● EXERCISE AIM
Each entry below is to be printed verbatim.

Dataset records
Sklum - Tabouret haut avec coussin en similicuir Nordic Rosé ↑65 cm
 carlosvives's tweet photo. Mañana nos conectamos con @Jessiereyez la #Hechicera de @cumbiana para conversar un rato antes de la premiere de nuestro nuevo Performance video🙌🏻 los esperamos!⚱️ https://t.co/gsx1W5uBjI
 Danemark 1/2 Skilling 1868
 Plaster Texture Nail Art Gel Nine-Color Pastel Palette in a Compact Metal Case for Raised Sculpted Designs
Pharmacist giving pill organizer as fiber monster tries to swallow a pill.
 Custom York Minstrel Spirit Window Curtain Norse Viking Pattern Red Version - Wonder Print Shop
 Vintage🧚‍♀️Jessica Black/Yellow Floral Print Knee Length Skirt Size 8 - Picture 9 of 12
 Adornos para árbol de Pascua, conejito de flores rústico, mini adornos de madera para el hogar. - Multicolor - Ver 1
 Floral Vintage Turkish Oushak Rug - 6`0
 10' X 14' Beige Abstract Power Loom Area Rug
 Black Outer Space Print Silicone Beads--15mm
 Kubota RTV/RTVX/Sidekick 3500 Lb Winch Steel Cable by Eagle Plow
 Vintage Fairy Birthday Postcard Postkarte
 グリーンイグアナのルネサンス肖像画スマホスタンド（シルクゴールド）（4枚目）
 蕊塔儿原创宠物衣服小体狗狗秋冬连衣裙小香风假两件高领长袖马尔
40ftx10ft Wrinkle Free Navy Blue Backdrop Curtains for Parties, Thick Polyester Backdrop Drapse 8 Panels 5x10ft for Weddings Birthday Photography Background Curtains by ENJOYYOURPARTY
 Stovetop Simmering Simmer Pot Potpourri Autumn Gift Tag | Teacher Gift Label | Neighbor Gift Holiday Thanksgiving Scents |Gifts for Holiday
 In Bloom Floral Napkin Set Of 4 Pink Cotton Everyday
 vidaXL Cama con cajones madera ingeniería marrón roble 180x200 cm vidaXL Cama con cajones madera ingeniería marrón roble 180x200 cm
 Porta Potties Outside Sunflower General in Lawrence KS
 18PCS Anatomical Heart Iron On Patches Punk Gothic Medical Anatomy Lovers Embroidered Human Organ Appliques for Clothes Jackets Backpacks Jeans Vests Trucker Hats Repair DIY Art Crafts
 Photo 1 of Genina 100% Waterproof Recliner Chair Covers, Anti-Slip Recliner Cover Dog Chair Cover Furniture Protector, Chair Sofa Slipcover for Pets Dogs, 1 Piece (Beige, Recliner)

● ANSWER TO THE PROBLEM
Sklum - Tabouret haut avec coussin en similicuir Nordic Rosé ↑65 cm
 carlosvives's tweet photo. Mañana nos conectamos con @Jessiereyez la #Hechicera de @cumbiana para conversar un rato antes de la premiere de nuestro nuevo Performance video🙌🏻 los esperamos!⚱️ https://t.co/gsx1W5uBjI
 Danemark 1/2 Skilling 1868
 Plaster Texture Nail Art Gel Nine-Color Pastel Palette in a Compact Metal Case for Raised Sculpted Designs
Pharmacist giving pill organizer as fiber monster tries to swallow a pill.
 Custom York Minstrel Spirit Window Curtain Norse Viking Pattern Red Version - Wonder Print Shop
 Vintage🧚‍♀️Jessica Black/Yellow Floral Print Knee Length Skirt Size 8 - Picture 9 of 12
 Adornos para árbol de Pascua, conejito de flores rústico, mini adornos de madera para el hogar. - Multicolor - Ver 1
 Floral Vintage Turkish Oushak Rug - 6`0
 10' X 14' Beige Abstract Power Loom Area Rug
 Black Outer Space Print Silicone Beads--15mm
 Kubota RTV/RTVX/Sidekick 3500 Lb Winch Steel Cable by Eagle Plow
 Vintage Fairy Birthday Postcard Postkarte
 グリーンイグアナのルネサンス肖像画スマホスタンド（シルクゴールド）（4枚目）
 蕊塔儿原创宠物衣服小体狗狗秋冬连衣裙小香风假两件高领长袖马尔
40ftx10ft Wrinkle Free Navy Blue Backdrop Curtains for Parties, Thick Polyester Backdrop Drapse 8 Panels 5x10ft for Weddings Birthday Photography Background Curtains by ENJOYYOURPARTY
 Stovetop Simmering Simmer Pot Potpourri Autumn Gift Tag | Teacher Gift Label | Neighbor Gift Holiday Thanksgiving Scents |Gifts for Holiday
 In Bloom Floral Napkin Set Of 4 Pink Cotton Everyday
 vidaXL Cama con cajones madera ingeniería marrón roble 180x200 cm vidaXL Cama con cajones madera ingeniería marrón roble 180x200 cm
 Porta Potties Outside Sunflower General in Lawrence KS
 18PCS Anatomical Heart Iron On Patches Punk Gothic Medical Anatomy Lovers Embroidered Human Organ Appliques for Clothes Jackets Backpacks Jeans Vests Trucker Hats Repair DIY Art Crafts
 Photo 1 of Genina 100% Waterproof Recliner Chair Covers, Anti-Slip Recliner Cover Dog Chair Cover Furniture Protector, Chair Sofa Slipcover for Pets Dogs, 1 Piece (Beige, Recliner)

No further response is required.